Heavyweight corporate results will continue to come thick and fast this week.

Annual figures from former British Steel company Corus on Thursday come at a time of change, with Mittal Steel plotting a hostile takeover of rival Arcelor and buoyant demand for metals driving prices relentlessly higher.

Consolidation and the rapid rise in demand from China and India has boosted Corus shares, returning the company to the FTSE 100 Index after an absence of nine months.

Jeremy Batstone, of Charles Stanley, said: "Operationally, Corus needs to prove to investors that it can build on its Restoring Success cost-cutting initiative."

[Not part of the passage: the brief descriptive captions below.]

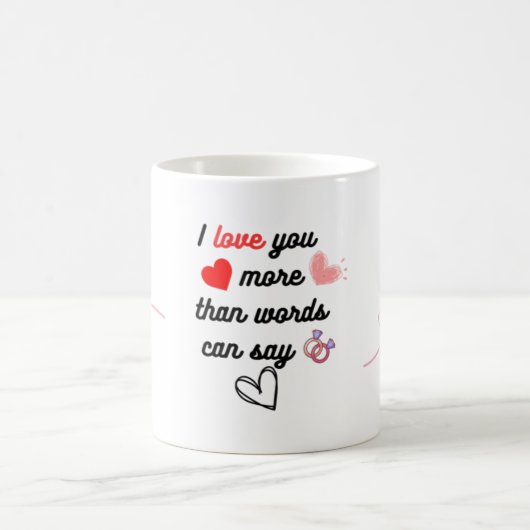 Sorprende a tu pareja con esta taza única kaffeetasse (Mittel)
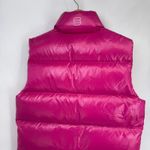 Aritzia Aritizia Supersize Super Puff Down Vest Womens XS Modern Magenta 700 Fill NEW Photo 13
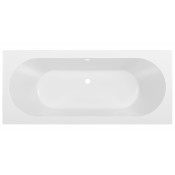 Ванна акриловая Sanindusa Urb.y 180х80 8077000000 белый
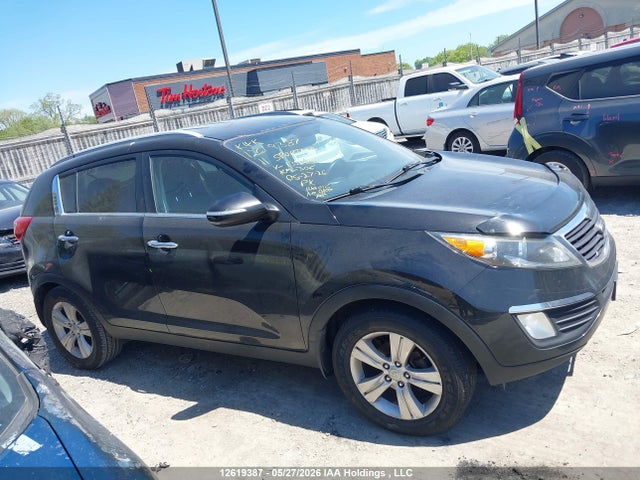 Продажа на аукционе авто 2011 Kia Sportage Ex/sx, vin: KNDPC3A27B7139219, номер лота: 12619387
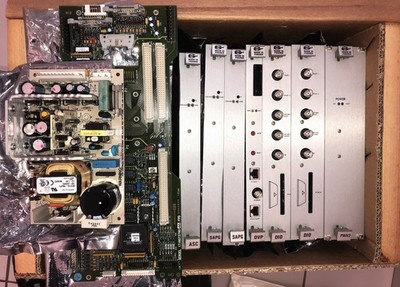 SEISMIC  Sweep generator -9 PCB-SERCEL -VE432 Encode/ Decoder+Cables , sale -30%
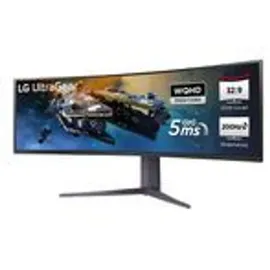 LG UltraGear 45GR65DC-B 44.5"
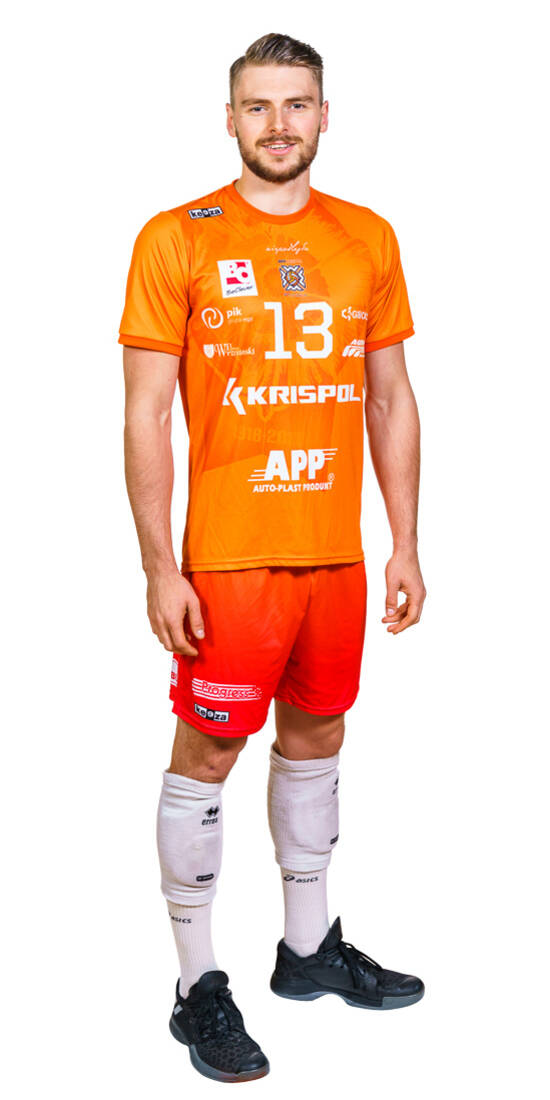 Mateusz Jóźwik Mateusz Jóźwik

Because lower-cost producers are grabbing market share from traditional operators, Corus has focused on innovation such as rails that are twice as thick as usual and make train journeys smoother for passengers.

According to Mr Batstone, Corus should post pretax profits of £575 million for 2005 compared with £536 million a year earlier.

At Prudential, new chief executive Mark Tucker may announce more details on the synergies he expects following the full acquisition of online banking operation Egg. The Pru has already said it will look for £40 million of cost savings by the end of 2007, as it seeks to co-ordinate activities such as customer service, IT and marketing.

Barclays Stockbrokers expects the Pru to post profits for 2005 of £1.59 billion on Thursday, against £1.24 billion a year earlier, while a day later Legal & General is tipped for a figure of £974 million, compared with £764 million in 2004.

The success of French Connection's controversial £2 million advertising campaign - featuring a lesbian kiss - will be gauged tomorrow when the high street retailer updates the market at its preliminary results.

The highly-stylised advert, which shows two immaculately dressed women kung fu fighting before they embrace, was launched in February following a period of stagnant sales.

It remains to be seen if the campaign, which drew 127 complaints from offended viewers, has been enough to turn the company's fortunes around, which analysts say are down to overpriced and unoriginal products in a fiercely-competitive market.

A consensus of analysts predicts pretax profits will drop from £33.7 million to £12.3 million for the year ending January 31 as consumers show signs of tiring of the FCUK logo.

The suggestive abbreviation of French Connection United Kingdom, though successful for several years, is now considered an old joke.

Deutsche Bank said: "We expect 2006 to be another challenging year for French Connection, as management seeks to rebuild consumers' confidence in the ranges and brand."

Meanwhile, on Friday Midlands cooker maker Aga announces its 2005 results.

The group reported strong trading in both the first and s econd half. Sales are expected to increase from £425 million to £484 million; broker Brewin Dolphin reckons profits should rise from £38.6 million to £41.6 million.